59. D.99-10-057 adopted a Purchased Electric Commodity Account (PECA) for Edison, SDG&E, and PG&E to track their purchased energy costs. PECA results in an energy rate that is designed to balance procurement costs and revenues in a given month. The purpose of the PECA account is to track the costs of purchased electricity, not the costs of operating power plants.
60. PG&E does not include a forecast of procurement costs in setting the PECA rate but instead charges a PECA rate based on the past month's costs. PG&E's PECA proposal does not contain enough detail for us to adopt it outright. Because we do not adopt a procurement PBR or rate capping, we need not include the other elements of PECA as proposed by PG&E.
61. The monthly PECA rate should be based on procurement costs incurred to serve customers to whom the rate is applied including a forecast of any procurement costs for which the utility has not received a final bill when the rate is developed, an amortization component to account for prior month over- or under-collections, and a trended sales forecast. The amortization component will allow for true up between actual and recorded costs and revenues. Revenues should be recorded to PECA less franchise fees and uncollectibles and under- or over-collections should earn interest at the short-term commercial paper rate as proposed by PG&E.
62. SDG&E's generation-related franchise fees should be unbundled from distribution rates and collected through the PECA account.
63. SDG&E's proposals to eliminate various accounts after the rate freeze should be adopted. SDG&E's ratemaking proposals, described in Exhibit 11, Chapter IV, that are consistent with this decision should be adopted.
64. When rates are frozen, customers have little incentive to adjust energy usage patterns and remain unmotivated to shift consumption to the low demand times when energy prices are lowest. This is because under the rate freeze customers will pay the same price for energy whether they consume during peak hours when prices are higher due to high demand, or if they consume in the off peak hours when prices are lowest. In addition, since customers are charged for the average energy cost those that have better than average load profiles in effect subsidize those that have worse than average load profiles.
65. It is reasonable to adopt the ORA and CEC proposal that all bundled customers with hourly interval meters be billed using hourly data once the rate freeze ends. This approach is consistent with our long-established policy of increasing customer price responsiveness, advancing market efficiency, and prompting lower energy prices.

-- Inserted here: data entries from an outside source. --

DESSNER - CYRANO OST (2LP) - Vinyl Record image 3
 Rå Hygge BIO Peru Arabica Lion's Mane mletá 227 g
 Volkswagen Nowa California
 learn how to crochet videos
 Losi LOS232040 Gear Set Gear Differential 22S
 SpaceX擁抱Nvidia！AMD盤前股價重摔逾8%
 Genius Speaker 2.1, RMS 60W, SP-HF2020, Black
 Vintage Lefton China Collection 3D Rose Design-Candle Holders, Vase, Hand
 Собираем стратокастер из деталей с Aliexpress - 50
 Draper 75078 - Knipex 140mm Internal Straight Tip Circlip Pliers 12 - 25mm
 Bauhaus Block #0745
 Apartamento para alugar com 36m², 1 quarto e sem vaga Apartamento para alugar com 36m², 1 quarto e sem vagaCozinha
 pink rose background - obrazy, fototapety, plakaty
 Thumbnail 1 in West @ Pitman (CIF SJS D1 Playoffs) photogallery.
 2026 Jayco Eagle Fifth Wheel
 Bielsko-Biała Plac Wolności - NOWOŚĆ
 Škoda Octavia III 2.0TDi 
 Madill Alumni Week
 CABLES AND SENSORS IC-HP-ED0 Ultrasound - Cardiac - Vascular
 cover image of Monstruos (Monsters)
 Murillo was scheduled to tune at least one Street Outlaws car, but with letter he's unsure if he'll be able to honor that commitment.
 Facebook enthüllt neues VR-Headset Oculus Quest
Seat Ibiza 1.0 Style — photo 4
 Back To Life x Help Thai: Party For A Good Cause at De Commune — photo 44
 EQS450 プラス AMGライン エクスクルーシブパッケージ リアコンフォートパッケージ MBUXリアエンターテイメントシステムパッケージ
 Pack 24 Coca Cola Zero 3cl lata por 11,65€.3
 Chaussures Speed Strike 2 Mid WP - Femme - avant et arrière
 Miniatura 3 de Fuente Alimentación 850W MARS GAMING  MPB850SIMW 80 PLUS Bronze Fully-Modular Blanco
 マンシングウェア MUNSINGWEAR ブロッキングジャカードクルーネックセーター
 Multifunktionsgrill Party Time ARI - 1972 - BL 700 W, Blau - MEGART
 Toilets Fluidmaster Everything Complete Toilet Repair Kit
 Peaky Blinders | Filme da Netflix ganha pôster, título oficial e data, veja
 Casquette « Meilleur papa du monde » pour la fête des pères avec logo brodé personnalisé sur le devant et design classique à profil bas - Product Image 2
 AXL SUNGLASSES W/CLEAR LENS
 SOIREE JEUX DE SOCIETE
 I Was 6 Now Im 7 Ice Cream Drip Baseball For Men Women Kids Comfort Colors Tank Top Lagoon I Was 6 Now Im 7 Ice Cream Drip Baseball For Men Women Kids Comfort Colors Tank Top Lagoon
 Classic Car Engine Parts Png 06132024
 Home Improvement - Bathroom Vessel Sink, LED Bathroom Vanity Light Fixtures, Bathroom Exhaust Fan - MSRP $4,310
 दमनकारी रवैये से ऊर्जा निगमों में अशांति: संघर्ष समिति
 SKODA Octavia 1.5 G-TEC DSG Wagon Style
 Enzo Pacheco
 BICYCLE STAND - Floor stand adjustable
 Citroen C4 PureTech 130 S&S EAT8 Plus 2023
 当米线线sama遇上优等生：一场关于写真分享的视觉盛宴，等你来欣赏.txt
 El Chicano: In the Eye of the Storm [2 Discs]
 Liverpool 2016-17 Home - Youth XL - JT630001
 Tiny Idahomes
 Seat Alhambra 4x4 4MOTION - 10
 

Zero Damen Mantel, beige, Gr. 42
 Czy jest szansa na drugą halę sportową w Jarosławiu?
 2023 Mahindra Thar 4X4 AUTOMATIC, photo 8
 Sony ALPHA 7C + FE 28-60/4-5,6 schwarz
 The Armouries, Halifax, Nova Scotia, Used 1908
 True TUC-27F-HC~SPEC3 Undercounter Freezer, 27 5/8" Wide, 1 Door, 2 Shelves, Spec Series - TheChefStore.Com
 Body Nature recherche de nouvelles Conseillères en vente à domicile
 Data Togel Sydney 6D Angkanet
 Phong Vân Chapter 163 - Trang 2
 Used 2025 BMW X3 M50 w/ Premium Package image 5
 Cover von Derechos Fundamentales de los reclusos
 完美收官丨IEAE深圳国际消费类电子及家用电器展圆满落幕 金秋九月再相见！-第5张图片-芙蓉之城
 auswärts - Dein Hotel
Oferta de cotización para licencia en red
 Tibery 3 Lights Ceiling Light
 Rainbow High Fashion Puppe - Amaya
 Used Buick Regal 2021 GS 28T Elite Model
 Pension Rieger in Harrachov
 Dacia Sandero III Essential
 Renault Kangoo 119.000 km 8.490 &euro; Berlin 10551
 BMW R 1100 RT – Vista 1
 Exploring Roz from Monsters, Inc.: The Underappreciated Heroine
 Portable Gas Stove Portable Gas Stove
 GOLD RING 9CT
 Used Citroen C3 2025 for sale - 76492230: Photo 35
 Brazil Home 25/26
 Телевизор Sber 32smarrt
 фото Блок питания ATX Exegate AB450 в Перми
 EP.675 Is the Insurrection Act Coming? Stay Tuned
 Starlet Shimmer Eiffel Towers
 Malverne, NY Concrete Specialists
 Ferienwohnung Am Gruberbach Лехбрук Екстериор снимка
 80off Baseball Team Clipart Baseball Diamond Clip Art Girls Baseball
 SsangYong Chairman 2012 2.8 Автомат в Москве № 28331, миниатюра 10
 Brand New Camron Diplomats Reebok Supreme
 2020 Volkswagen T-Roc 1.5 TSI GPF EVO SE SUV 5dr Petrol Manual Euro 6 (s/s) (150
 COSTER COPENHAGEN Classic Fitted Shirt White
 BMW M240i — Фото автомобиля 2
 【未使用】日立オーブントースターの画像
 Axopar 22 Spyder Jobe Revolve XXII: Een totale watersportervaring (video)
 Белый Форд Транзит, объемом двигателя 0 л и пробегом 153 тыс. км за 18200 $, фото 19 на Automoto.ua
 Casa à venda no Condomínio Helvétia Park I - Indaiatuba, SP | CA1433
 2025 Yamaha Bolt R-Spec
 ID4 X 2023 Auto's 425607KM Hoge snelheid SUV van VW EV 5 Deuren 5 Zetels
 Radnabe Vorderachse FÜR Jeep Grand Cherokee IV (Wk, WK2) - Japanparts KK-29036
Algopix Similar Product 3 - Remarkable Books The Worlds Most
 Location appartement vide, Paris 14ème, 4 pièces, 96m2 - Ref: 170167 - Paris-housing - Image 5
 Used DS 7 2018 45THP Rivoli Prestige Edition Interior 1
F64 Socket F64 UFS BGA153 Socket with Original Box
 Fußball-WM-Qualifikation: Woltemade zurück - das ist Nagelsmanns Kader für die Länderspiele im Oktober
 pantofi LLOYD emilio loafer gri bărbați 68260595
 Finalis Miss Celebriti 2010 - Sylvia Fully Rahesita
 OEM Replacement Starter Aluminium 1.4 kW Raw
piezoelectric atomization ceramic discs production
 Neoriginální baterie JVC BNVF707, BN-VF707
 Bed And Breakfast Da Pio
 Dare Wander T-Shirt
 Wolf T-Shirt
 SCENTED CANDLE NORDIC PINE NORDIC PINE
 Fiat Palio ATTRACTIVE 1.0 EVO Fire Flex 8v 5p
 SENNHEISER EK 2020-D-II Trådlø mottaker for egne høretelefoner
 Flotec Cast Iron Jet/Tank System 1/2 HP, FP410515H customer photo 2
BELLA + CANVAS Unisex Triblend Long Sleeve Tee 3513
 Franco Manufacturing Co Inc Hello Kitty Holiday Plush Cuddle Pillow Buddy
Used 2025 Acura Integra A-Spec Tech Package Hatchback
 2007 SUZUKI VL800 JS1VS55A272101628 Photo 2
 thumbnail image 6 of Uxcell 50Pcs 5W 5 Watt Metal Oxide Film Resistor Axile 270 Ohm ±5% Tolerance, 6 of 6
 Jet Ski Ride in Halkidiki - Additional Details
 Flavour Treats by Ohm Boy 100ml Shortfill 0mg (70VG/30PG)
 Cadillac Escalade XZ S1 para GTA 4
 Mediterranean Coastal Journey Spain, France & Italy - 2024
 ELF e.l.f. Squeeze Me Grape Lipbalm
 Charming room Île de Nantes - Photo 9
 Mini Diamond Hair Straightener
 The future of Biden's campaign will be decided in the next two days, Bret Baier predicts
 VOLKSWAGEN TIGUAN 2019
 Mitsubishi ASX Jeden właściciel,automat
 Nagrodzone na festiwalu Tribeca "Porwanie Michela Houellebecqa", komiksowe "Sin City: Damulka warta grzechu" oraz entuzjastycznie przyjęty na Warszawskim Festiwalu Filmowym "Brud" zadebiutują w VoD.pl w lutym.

66. We will not approve PG&E's proposal to allow customers with interval meters a one-time opportunity to remain on averaged prices once the transition period ends. Such an approach would be inconsistent with the objective of removing intra-class subsidies by having customers charged for the power they actually consume and would undermine our goal of increasing customer response to price signals.
67. In the post rate freeze era, PECA effectively replaces the PX credit approach as the way of setting energy rates. All elements adopted as part of the PX credit during the rate freeze should also be reflected in the post-rate freeze procurement rate. The costs booked to PECA and the resultant rate should reflect all costs adopted as part of the PX credit in the 1999 RAP for each utility. SDG&E should adjust its PECA tariffs accordingly.
68. The modified RAP will address forecast issues, as necessary and the modified ATCP will address reasonableness issues, including a review of procurement costs to the extent costs above the wholesale PX price or qualified exchange rate are included in the PECA.
1. It is not reasonable or prudent to adopt a procurement PBR mechanism at this time.
2. In light of the whole record, it is not reasonable or in the public interest to adopt the proposed SDG&E settlement regarding a procurement PBR mechanism at this time.
3. Pursuant to our authority over utility procurement of energy for retail load, it is for this Commission to decide when and under what conditions to terminate the mandatory buy requirement.
4. Stranded cost recovery was not the sole objective of establishing an industry-wide transition period. The four-year period is a time in which market evolution transpires, constituting a transition from a regulatory environment to one where competitive market forces determine prices. A fundamental component of that transition is the development of a transparent, reliable Power Exchange or other similarly qualified exchanges.
5. So long as any utility continues to collect stranded costs from its customers, it is the responsibility of the Commission to ensure the integrity of that charge. The best means of accomplishing the objective of protecting the integrity of the CTC charge is to continue but expand the mandatory buy requirement to other qualified exchanges.
6. It is premature to relieve the UDCs of the buy obligation before the end of the transition period considering the Commission's ongoing proceedings to investigate broad market structure and competition issues such as the role of the UDC, competition in retail markets, and comprehensive unbundling of retail costs from distribution rates. However, the mandatory buy requirement should be expanded to permit procurement now from any qualified exchange.
7. Until the market is more fully developed at the end of the transition period, totally removing the buy requirement now would distort the operation of the CalPX or any other qualified exchange.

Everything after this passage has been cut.